Still, the Stingray II sang. There was none of the glassy, hard-edged tube glare that can arise when, say, a set of 6550 or KT88 output tubes is pushed to deliver a maximum of power and a minimum of music. Tubes have their own way of sometimes turning nasty, and here they didn't. So whatever I just wrote about the EL84, it could be that there's almost no way of making a bad-sounding EL84-based amp. On the other hand, I've never heard outstanding resolution from the EL84 output tube; the closest was the MiniWatt N3 ($378), with one EL84 per channel.

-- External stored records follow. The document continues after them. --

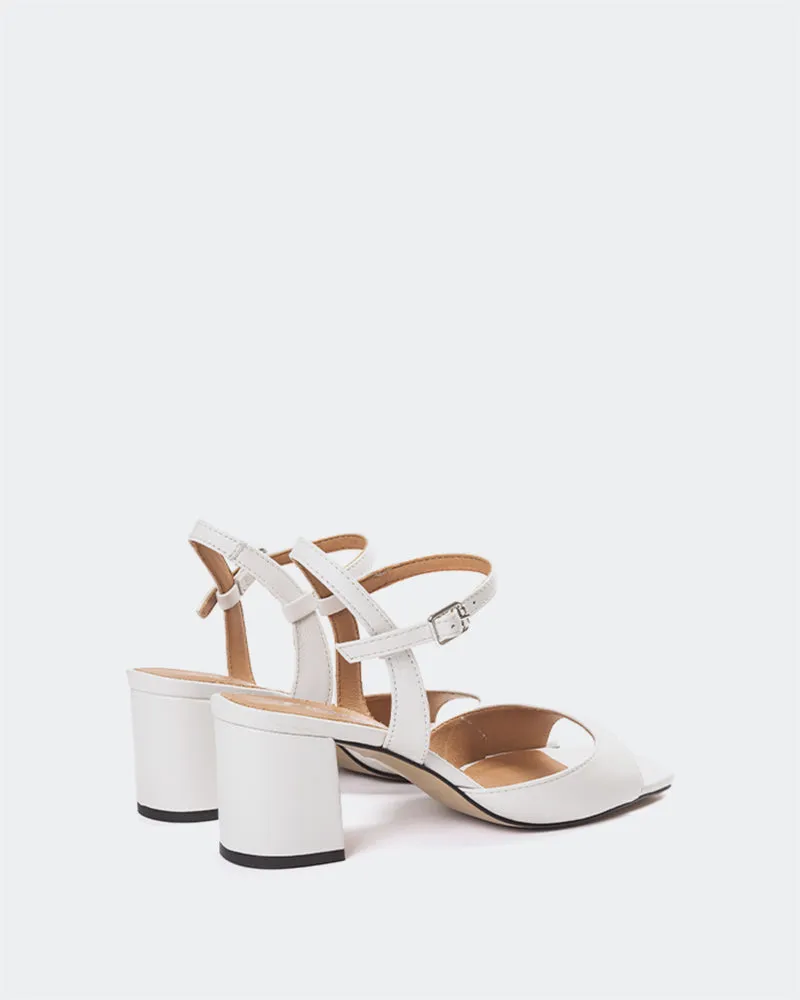 Kearny Off White Leather sold by L'Intervalle product image thumbnail 3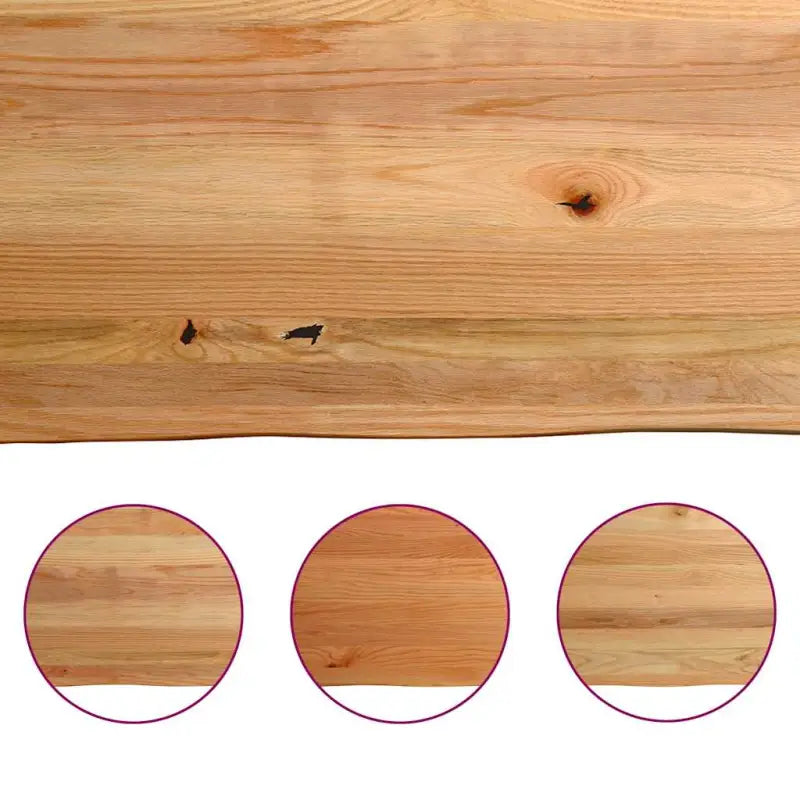 Massief Eikenhout Tafelblad voor een frisse uitstraling - Tafelbladen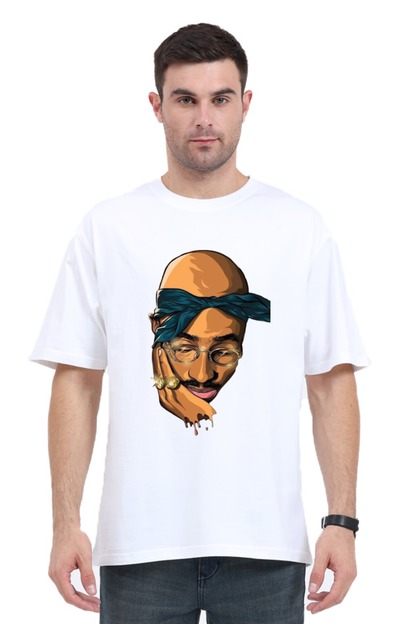 Oversize Unisex Premium T-shirt - TUPAC LIMITED EDITION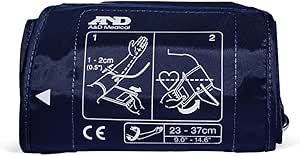 A&D MEDIUM CUFF REPLACEMENT 23-37CM UA-290A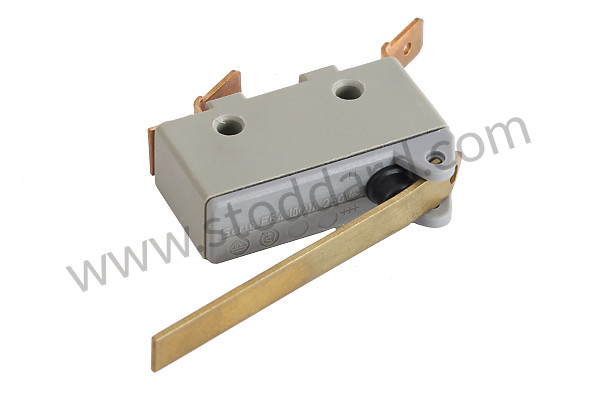 92861341301 - MICROSWITCH for Porsche 928 87-91 &bull; 1987 &bull; 928 S4 &bull; Coupe &bull; Automatic Gearbox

The Stingray II offered a warmer, richer sound than my solid-state reference LFD Integrated Zero Mk.III LE. The Stingray II was like a well-fed woman who loves to cook, while the LFD seemed leaner—a little hungry, even. Yet the Stingray—whether the II or the iTube version—might be better suited to MP3 files, which the LFD doesn't suffer gladly. A new version of the LFD is in the works and I hope to get it soon. Meanwhile, I'm not selling the version I have.

The Stingray II puts me in a pickle. I'd love to keep it, but I feel I need something more resolving in order to evaluate various source components, such as CD players and DACs, not to mention Anton Ferdinand Titz. Your needs, of course, might differ.

All told, my hedonic well-being registers a 9 out of 10 with the Stingray II—exactly where it rests with the LFD. Strangely, each has a way of pushing me back to the other.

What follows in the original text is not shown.